Para teolog Muslim sendiri telah menyadari hal itu. Mereka membuat suatu aturan mengenai adah, yakni tradisi dan kebiasaan suatu masyarakat tertentu. Formulasi syari'at yang dirumuskan pada periode awal Islam, jelas dipengaruhi tradisi Arab. Nah, dapatkah kita mengklaim tradisi Arab sebagai bagian Islam yang tak bisa berubah? Jika ya, bagaimana dengan tradisi daerah-daerah lain? Atau, dapatkah kita mengistimewakan tradisi Arab? Saya kira, sulit mempertahankan posisi itu. Itu sebabnya, ulama Indonesia dapat mengembangkan etos lokal.

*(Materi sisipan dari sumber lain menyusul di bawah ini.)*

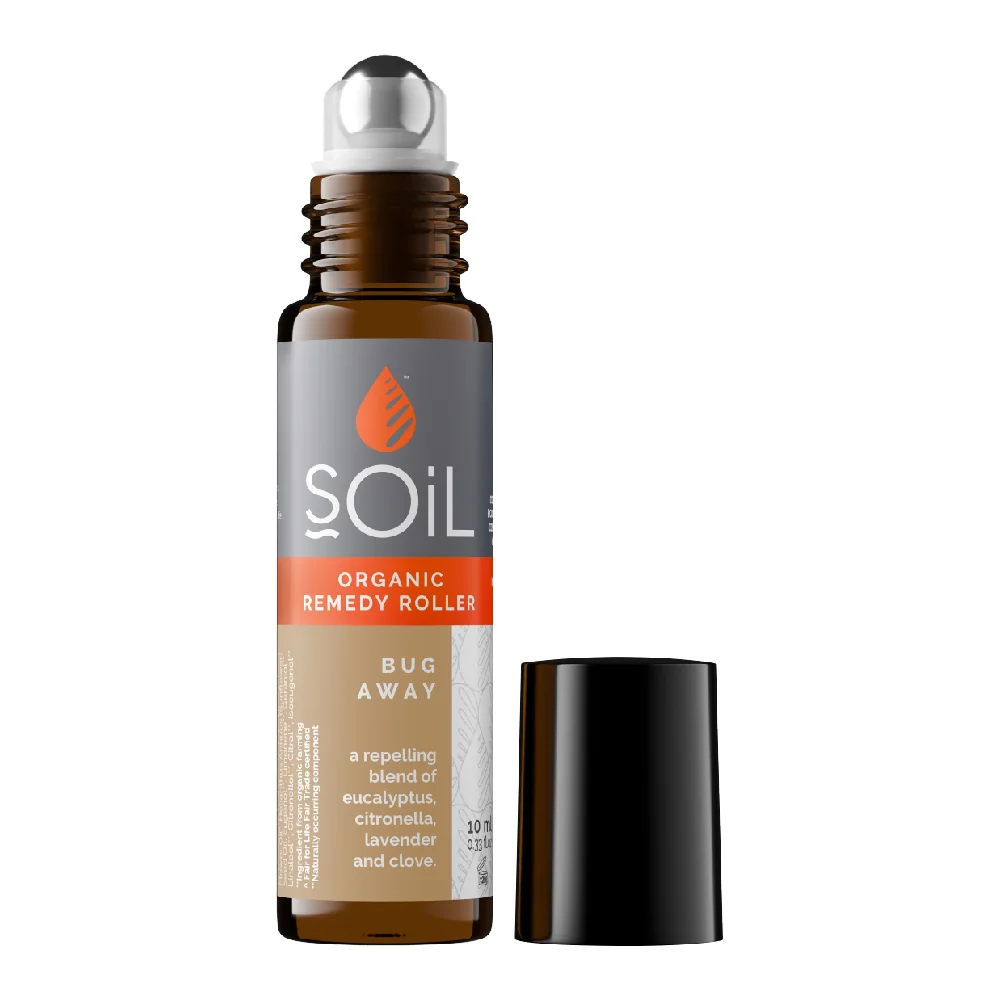 Roll-on cu uleiuri esentiale Ecocert anti-insecte Bug Away, 10ml, Soil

Kini kita dihadapkan pada isu-isu baru yang harus dijawab dengan visi modern. Masalah transplantasi organ, ibu pengganti, bayi tabung, euthanasia, kloning, dan lain-lain yang membutuhkan pemikiran kritis. Para fukaha (ahli fikih) tradisional cenderung mengharamkan semua itu. Ketika kasus kloning mulai mengemuka menyusul keberhasilan kloning domba Dolly, para fukaha Arab Saudi mengeluarkan fatwa mengecam keras bukan hanya sebagai tindakan amoral tetapi juga intervensi dalam domain Tuhan. Terlepas dari persoalan teknologi, isu-isu itu melibatkan masalah etika dan moralitas, sesuatu yang tak dipertimbangkan fukaha konservatif.
Oleh karena itu, yang dibutuhkan kini adalah de-feodalisasi Islam dan restorasi spirit progresifnya. Hal itu bisa dimulai dengan menghilangkan paradoks-paradoks yang sementara ini membelenggunya. Islam memang mengalami modernisasi begitu cepat, namun masih mempertahankan identitas feodalnya, menolak perubahan. Perkembangan bidang ekonomi dan teknologi harus diimbangi dekonstruksi watak teologi primordialnya, sehingga memunculkan corak keberagamaan rasional dan pluralis.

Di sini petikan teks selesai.